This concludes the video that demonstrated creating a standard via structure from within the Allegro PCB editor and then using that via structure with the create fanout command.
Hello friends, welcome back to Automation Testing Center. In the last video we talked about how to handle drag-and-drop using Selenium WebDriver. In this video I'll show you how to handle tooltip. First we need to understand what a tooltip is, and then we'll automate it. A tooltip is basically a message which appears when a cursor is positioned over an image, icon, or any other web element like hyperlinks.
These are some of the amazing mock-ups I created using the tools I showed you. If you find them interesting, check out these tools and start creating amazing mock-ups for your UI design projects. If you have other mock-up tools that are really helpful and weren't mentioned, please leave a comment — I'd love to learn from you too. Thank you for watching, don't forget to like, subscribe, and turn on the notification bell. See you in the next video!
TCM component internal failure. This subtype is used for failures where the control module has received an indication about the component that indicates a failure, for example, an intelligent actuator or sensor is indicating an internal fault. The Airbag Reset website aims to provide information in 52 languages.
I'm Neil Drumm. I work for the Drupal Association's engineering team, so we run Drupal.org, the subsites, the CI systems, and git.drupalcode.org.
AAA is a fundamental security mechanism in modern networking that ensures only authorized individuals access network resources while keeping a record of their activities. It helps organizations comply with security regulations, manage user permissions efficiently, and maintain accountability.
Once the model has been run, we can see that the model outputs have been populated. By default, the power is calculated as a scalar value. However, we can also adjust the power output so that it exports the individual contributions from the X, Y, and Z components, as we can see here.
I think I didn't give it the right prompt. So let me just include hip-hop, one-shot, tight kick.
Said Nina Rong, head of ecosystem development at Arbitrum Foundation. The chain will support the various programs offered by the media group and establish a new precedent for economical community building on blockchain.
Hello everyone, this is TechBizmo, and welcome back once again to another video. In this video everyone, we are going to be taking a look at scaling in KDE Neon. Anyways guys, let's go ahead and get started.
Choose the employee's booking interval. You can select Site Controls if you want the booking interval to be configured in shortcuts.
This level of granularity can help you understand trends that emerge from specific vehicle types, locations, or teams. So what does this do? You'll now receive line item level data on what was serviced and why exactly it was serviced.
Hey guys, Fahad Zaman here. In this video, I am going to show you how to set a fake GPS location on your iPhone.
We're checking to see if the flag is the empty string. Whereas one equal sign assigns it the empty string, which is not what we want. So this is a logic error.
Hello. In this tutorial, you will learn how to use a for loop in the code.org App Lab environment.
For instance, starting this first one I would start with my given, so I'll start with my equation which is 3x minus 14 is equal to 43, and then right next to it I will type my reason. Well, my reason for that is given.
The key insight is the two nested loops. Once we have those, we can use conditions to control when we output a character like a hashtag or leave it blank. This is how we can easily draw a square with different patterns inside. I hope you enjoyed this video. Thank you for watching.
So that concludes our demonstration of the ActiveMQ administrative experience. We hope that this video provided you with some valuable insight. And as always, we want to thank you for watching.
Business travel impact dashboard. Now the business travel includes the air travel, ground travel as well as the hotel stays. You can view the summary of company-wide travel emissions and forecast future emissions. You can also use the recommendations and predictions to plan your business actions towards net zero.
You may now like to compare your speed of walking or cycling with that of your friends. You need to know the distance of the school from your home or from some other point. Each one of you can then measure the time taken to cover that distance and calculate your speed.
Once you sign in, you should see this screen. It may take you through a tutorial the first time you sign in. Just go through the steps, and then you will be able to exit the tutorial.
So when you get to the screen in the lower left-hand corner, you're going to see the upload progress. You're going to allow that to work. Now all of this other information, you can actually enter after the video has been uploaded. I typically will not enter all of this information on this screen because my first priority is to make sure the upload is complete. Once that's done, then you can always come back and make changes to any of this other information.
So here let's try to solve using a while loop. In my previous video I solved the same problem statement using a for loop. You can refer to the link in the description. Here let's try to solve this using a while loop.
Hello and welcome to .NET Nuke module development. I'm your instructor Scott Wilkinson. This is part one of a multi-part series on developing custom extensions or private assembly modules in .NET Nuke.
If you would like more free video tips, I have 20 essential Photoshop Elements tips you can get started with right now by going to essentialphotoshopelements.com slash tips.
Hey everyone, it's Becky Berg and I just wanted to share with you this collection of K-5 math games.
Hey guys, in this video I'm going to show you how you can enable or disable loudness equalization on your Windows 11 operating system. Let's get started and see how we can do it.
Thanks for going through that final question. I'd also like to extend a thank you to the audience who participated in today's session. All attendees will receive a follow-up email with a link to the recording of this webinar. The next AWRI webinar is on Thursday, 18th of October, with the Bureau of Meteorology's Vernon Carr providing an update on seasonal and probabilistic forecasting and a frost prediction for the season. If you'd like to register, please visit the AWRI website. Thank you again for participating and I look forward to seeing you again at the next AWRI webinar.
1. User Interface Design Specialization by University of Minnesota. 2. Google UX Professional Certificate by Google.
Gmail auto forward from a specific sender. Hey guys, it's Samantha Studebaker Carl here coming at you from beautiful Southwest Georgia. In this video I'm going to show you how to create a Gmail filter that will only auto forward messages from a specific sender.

______

**Task details**
Whenever the word "concludes" appears in a line of the listing, report that line.

**Answer box**
This concludes the video that demonstrated creating a standard via structure from within the Allegro PCB editor and then using that via structure with the create fanout command.
So that concludes our demonstration of the ActiveMQ administrative experience. We hope that this video provided you with some valuable insight. And as always, we want to thank you for watching.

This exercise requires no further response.